-- Problem to work on --
The records appear below. Report how many of their lines contain the word "Vase", giving the number alone.

-*-*-

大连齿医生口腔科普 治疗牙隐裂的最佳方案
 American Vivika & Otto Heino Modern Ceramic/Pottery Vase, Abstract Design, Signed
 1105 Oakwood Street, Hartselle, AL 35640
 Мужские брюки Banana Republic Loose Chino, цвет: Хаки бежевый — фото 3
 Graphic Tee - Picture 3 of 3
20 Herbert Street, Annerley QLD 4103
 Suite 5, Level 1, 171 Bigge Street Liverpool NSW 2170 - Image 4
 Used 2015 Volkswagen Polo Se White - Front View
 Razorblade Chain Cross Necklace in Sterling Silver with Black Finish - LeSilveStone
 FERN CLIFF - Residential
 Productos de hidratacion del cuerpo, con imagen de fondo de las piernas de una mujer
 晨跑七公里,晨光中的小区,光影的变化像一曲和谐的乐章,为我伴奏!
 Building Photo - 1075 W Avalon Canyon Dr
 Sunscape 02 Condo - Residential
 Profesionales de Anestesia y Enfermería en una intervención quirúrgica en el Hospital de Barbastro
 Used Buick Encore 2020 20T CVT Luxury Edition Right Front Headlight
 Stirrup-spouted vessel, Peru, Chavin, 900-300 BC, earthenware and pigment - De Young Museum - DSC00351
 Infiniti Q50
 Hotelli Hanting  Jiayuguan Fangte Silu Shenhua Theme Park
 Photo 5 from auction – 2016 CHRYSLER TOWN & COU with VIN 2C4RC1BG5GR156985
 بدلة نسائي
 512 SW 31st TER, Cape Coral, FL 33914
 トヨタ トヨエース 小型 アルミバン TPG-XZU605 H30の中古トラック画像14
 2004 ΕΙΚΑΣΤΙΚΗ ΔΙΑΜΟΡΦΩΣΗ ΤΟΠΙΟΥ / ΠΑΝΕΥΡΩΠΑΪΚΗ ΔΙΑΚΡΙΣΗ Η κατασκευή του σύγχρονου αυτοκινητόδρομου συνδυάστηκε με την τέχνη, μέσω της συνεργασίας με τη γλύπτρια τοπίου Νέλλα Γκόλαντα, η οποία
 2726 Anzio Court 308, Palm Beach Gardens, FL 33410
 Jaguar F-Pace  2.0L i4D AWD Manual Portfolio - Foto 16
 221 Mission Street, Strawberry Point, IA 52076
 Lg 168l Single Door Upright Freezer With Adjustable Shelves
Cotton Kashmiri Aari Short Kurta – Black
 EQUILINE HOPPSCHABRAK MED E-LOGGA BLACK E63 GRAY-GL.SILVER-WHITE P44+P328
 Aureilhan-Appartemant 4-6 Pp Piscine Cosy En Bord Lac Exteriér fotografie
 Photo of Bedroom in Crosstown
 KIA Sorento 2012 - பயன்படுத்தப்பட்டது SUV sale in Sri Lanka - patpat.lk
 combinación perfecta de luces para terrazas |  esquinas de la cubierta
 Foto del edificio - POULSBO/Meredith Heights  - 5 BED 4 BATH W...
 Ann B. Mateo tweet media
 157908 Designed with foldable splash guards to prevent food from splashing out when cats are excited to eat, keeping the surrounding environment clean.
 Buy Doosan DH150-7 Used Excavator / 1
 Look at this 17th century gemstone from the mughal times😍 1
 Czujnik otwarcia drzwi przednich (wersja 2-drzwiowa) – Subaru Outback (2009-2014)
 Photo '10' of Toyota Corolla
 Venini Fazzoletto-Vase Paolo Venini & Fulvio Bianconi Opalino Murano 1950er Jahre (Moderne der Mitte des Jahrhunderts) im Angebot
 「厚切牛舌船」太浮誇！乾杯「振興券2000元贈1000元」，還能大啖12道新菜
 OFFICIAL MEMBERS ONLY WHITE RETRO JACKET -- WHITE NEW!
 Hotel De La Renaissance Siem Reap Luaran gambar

-*-*-

-- Expected answer --
2